3VE.3—Data Centers IPs as Proxies
The third 3ve-associated sub-operation was similar to 3ve.1. Its bots were based in a few data centers, but in order to cover its tracks, it used the IP addresses of other data centers as proxies (exit node layer) instead of residential computers.
Although data centers are far more suspicious to advertisers who are worried about bot traffic, 3ve.3 strategy still allowed a reasonable degree of agility by helping its operators find new data centers as soon as old data centers were blocked.
Authorities Take Down “3ve” Ad Fraud Operation
Google uncovered the 3ve operations last year while its companies were assessing the impact of the Methbot operation, an underground ad fraud enterprise that White Ops revealed in 2016, which ESET named as the Boaxxe botnet.
However, after 3ve’s activity grew in 2017, generating billions of daily ad bid requests, Google collaborated with other security companies who were independently investigating this prominent ad-fraud operation to take down the entire 3ve network.

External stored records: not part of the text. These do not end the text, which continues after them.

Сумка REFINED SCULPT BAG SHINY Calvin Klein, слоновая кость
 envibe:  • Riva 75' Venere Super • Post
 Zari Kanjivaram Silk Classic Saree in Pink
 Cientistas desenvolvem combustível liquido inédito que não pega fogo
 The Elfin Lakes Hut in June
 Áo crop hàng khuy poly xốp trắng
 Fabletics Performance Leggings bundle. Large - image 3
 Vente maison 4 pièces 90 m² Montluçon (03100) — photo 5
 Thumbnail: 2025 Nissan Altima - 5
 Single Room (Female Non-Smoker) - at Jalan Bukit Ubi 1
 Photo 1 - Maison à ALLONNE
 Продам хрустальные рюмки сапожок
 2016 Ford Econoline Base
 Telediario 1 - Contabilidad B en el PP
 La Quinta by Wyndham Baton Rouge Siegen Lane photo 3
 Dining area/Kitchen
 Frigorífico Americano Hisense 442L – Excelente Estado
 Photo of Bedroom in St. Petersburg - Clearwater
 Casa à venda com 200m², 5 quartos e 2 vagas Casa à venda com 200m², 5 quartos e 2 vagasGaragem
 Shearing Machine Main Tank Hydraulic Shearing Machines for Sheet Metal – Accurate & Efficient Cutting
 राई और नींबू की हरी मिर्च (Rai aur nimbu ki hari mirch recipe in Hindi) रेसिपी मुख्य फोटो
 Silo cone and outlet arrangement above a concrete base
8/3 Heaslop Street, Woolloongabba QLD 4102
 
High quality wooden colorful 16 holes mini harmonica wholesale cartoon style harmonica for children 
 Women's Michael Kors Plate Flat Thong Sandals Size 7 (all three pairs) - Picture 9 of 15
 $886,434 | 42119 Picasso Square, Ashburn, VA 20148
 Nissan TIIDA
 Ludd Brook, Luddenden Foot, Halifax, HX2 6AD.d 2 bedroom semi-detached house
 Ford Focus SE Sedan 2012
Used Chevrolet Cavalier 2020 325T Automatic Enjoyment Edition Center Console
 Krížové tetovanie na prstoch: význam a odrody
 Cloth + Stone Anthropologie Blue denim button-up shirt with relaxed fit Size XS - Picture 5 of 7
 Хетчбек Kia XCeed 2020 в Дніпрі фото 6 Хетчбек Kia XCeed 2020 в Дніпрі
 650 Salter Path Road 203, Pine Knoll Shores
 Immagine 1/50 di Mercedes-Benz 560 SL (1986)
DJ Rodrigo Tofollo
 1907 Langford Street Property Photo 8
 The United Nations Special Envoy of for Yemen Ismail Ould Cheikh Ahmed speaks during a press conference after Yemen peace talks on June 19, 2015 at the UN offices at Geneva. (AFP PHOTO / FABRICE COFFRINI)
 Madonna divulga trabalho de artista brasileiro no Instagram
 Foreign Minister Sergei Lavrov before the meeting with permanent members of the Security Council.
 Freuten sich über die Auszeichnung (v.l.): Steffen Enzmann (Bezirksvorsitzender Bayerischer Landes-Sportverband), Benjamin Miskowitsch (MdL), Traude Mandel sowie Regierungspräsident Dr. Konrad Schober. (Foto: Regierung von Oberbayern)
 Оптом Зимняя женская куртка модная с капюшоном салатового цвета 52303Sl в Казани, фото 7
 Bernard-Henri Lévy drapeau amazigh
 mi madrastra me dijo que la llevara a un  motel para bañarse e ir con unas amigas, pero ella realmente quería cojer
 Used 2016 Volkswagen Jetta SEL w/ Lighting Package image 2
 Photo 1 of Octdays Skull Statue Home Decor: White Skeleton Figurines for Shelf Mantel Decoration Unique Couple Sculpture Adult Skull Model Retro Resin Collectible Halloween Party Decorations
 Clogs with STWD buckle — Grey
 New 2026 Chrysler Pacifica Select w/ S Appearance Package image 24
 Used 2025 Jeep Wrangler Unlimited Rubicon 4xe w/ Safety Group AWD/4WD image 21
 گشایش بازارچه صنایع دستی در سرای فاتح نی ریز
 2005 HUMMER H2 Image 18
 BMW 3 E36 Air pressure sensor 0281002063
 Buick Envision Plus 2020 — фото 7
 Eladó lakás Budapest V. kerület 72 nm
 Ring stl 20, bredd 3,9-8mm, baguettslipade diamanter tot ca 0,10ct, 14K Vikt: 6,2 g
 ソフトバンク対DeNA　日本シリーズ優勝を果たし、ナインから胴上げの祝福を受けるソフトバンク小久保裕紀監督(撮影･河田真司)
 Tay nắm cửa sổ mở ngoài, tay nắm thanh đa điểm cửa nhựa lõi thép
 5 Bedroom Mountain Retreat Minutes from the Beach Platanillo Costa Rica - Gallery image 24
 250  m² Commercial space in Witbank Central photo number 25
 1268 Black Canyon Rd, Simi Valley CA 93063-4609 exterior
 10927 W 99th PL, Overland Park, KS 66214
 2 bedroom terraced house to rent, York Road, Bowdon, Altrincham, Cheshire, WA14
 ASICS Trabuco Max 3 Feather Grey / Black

Google and other security firms worked with the FBI to shut down the massive ad-fraud operation. After obtaining warrants last month, the FBI seized 31 internet domains and 89 servers that were all part of the 3ve infrastructure.
Cybersecurity companies in the private sector also helped blacklist the 3ve infrastructure engaged in the ad-fraud scheme and sinkhole the traffic to the bad domains.
8 People Charged Over Multimillion-Dollar Ad Fraud Scheme
On Tuesday, the U.S. Justice Department indicted eight people allegedly involved in the infamous 3ve online advertising scams, which included five Russian nationals, one person from Russia and Ukraine, and two people from Kazakhstan. Three of them have already been arrested.
- Aleksandr Zhukov (38, Russian Federation) [arrested from Bulgaria]
- Boris Timokhin (39, Russian Federation) [arrested from Estonia]
- Mikhail Andreev (34, Russian Federation and Ukraine)
- Denis Avdeev (40, Russian Federation)
- Dmitry Novikov (Russian Federation)
- Sergey Ovsyannikov (30, Republic of Kazakhstan) [arrested from Malaysia]
- Aleksandr Isaev (31, Republic of Kazakhstan)
- Yevgeniy Timchenko (30, Republic of Kazakhstan)
“The Office also extends its appreciation to Microsoft Corporation, ESET, Trend Micro Inc., Symantec Corporation, CenturyLink, Inc, F-Secure Corporation, Malwarebytes, MediaMath, the National Cyber-Forensics and Training Alliance and The Shadowserver Foundation for their assistance in the botnet takedown,” DOJ said.
The defendants are charged with 13 counts of criminal violations, including wire fraud, aggravated identity theft, money laundering, and conspiracy to commit computer intrusion, among other offenses.